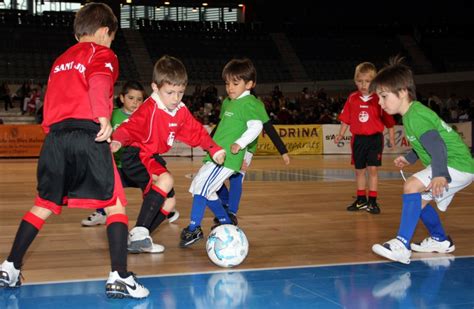 Es un partido de fútbol. Más de 200 niños participan en una diada de fútbol sala - Fútbol Sala - FutbolBalear.es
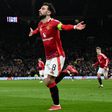 Bruno Fernandes a celebrar o hat trick na goleada do Man. United à Real Sociedad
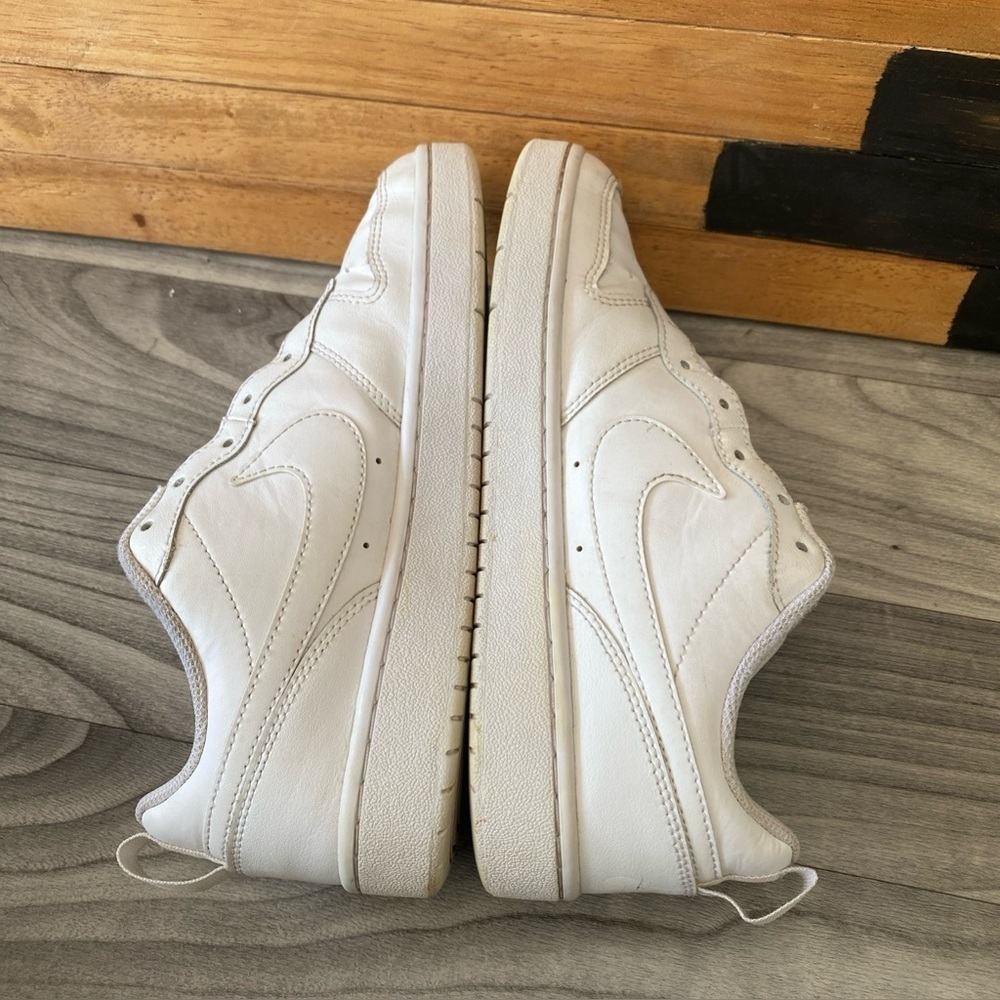 Nike Court Borough Low 2 White Sneakers Youth 6.5Y BQ5448-100 H-5 - Picture 3 of 8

**Aim of the task**
From the line containing "Bruno Fernandes a" to the last line of the material, every line is to be reproduced exactly. No picture belongs in the copy.

**Solved problem**
 Bruno Fernandes a celebrar o hat trick na goleada do Man. United à Real Sociedad
 Nike Court Borough Low 2 White Sneakers Youth 6.5Y BQ5448-100 H-5 - Picture 3 of 8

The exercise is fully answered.